When the speculation first began many years ago, I asked my father, during
a visit from Monza to Montreux, whether such theories might have any
substance. He laughed a characteristic, friendly laugh and said of course
not -- it would be just as implausible to say Shade and Kinbote had
invented each other. For my part, I expect an e-posting any day suggesting
both were invented by Pnin. Why, Mr. Il'yin et al., must anyone other than
the author have perforce invented anyone, even witin the macrocosm of the
book? And why not, while we're at it, override the Bogomil catharses by
positing that both God and the Devil were invented by Man, and throw in
the Earth and the Universe for good measure? Of course such a
Weltanschauung would bear a separate, obsolescent buzzname, as we all
know.

It is possible, of course, that Father might have perused the more
brilliant dovody [Russ: "arguments" - DBJ], rubbed his chin between thumb
and index, then perhaps pursed his lips as he sometimes did in mock
chagrin, and said "Maybe I didn't realize it and they're right."

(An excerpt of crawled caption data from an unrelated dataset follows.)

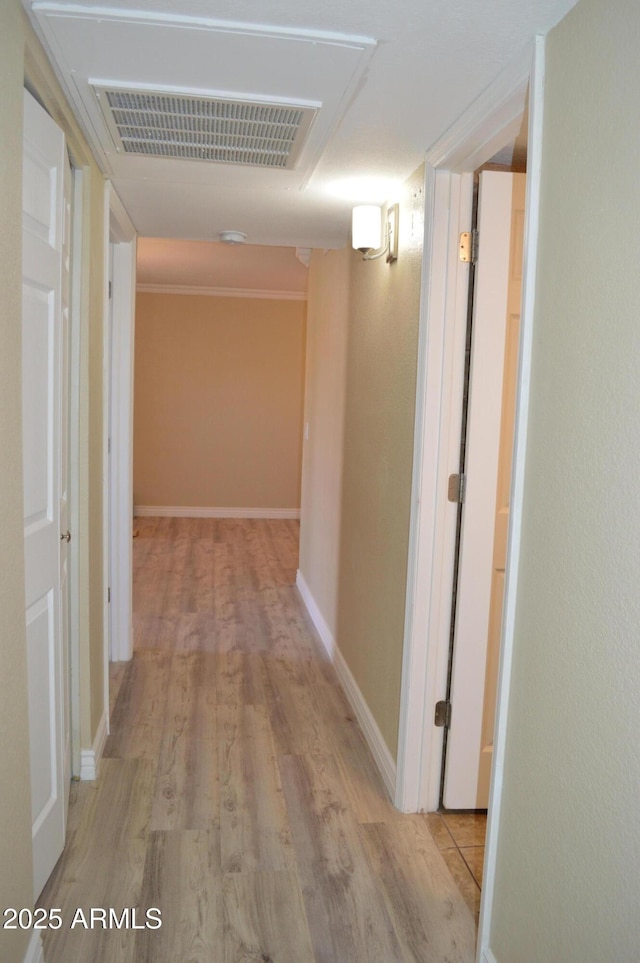 hall featuring visible vents, baseboards, and wood finished floors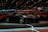A vibrant crowd admiring a sleek exotic car under bright exhibition lights.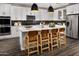 Modern kitchen with a kitchen island, white cabinets, pendant lights, and stainless steel appliances at 10255 S Bickwell Trl, Apache Junction, AZ 85120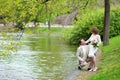 Happy just married couple near water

But it remains dangerous to take VN's chance, or planted, clues at face
value. Many of his writings -- among them, in particular, he said, was
INVITATION TO A BEHEADING -- contain enigmas with no simple or single
explanations. In the case of PALE FIRE, I suggest paying particular
attention to the most poetic -- and Shakespearean -- sense of the word
"shade," as well as to the surviving fragments of the unfinshed SOLUS REX,
which in large part represented the genesis of PALE FIRE and would have
been Father's last Russian novel had not, as he told me, inspiration been
interrupted by emigration (from wartime France). A translucing othersense
and otherworld (concepts understood in depth by some, uncomprehended and
used unidimensionally by others) are perhaps the most entrancing,
enchanting and exciting traits of Nabokokv's work. Maybe a prerquisite for
reading him should be Eschewing Reduction to Pat and Flat 101.